Fig. 1. Pgbd5 promotes tumorigenesis in diverse developmentally accurate mouse models of SHH MB.

Fig. 1.

(A) Schematic of aberrant mechanisms of SHH signaling in cerebellar GCPs in MB development (left). In Ptch1-mutant Ptf1aCre/+;Ptch1fl/fl MB, by deletion of Ptch1 encoding a receptor for SHH, SMO signaling is disinhibited and highly activated, leading to the generation of activated GLI (GLIA). In Smo-mutant MASTR-SmoM2 or Atoh1-CreERT2;Rosa26LSL-SmoM2 MB, oncogenic constitutively activated form of SMO results in GLI activation and aberrant SHH signaling. (B) Schematic of cerebellar tumor development in Ptch1- (top) and SmoM2-mutant (bottom) MB. Red arrowheads mark conditionally gene-targeted cell populations. PNLs (purple) lead to MB development. E, embryonic day; P, postnatal day. (C) Representative photographs of dissected brains of Ptf1aCre/+;Ptch1fl/fl (bottom left) mice that develop MBs marked by white arrows and dashed circles, as compared to Ptf1aCre/+;Ptch1fl/wt mice (top left) that do not develop tumors.
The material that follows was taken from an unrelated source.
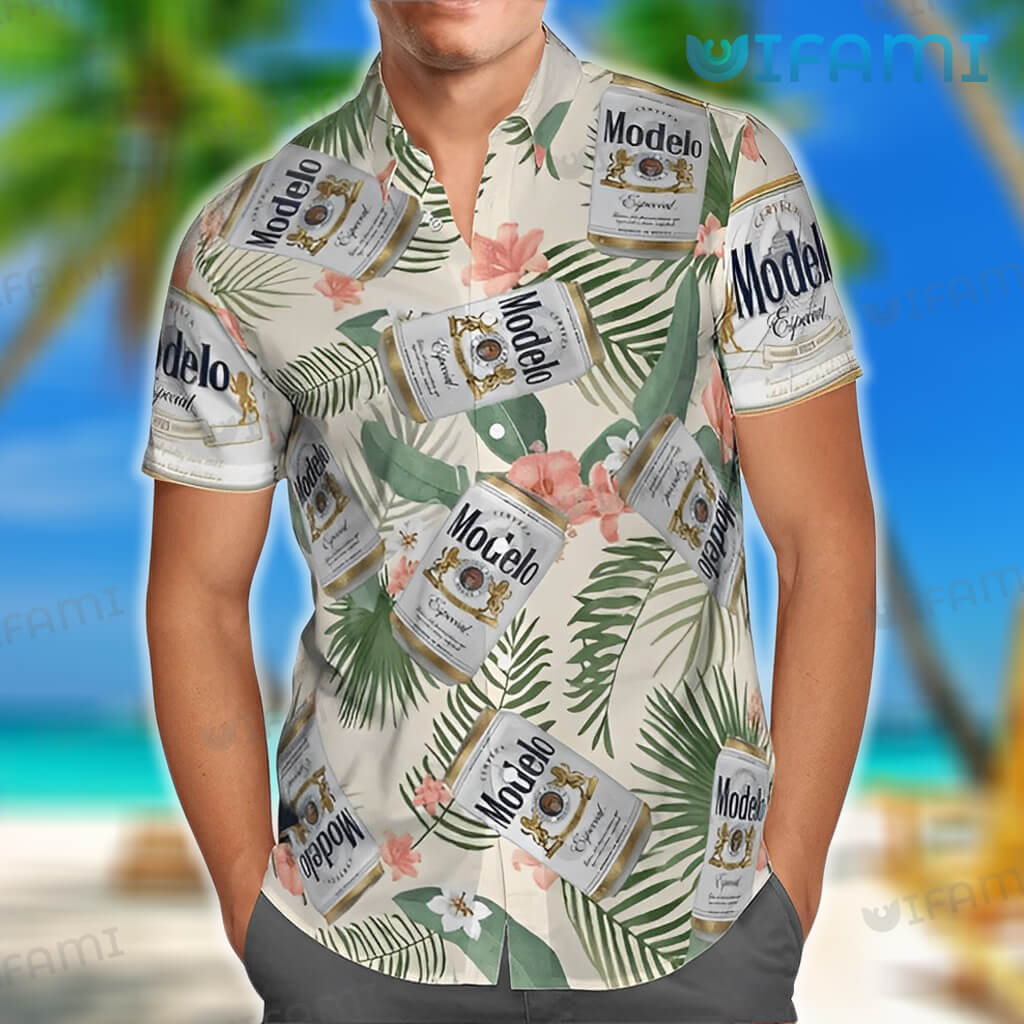 Modelo Hawaiian Shirt Tropical Leaves Beer Lovers Gift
Immunofluorescence microscopy (right) shows high Ki67 (green) and low NeuN (red) expression in MB tumors, with nuclei marked with DAPI (blue). The edge of the tumor (white inset) is magnified with NeuN-positive cells on tumor edge corresponding to normal cerebellum. (D) Survival of Ptf1aCre/+;Ptch1fl/fl;Pgbd5+/+ (black) and Ptf1aCre/+;Ptch1fl/fl;Pgbd5−/− (red) mice. (E) Survival of Ptf1aCre/+;Ptch1fl/fl mice with conditional knockout (CKO) of Pgbd5fl/− (blue) or control Pgbd5+/− (black) or Pgbd5−/− (red) littermates. (F) Genomic PCR analysis of conditional Pgbd5 excision in Pgbd5fl/− CKO Ptch1-mutant tumors demonstrates that seven of nine (79%) analyzed tumors retain intact Pgbd5, as detailed in fig. S1D. (G) Survival of MASTR-SmoM2 mice with CKO of Pgbd5fl/fl (red), as compared to control Pgbd5+/+ (black) or Pgbd5fl/+ (blue) littermates. (H) Genomic PCR analysis of conditional Pgbd5 excision in MASTR-SmoM2; Pgbd5fl/fl tumors demonstrates that four of five (80%) analyzed tumors retain Pgbd5 floxed alleles, as detailed in fig. S2B.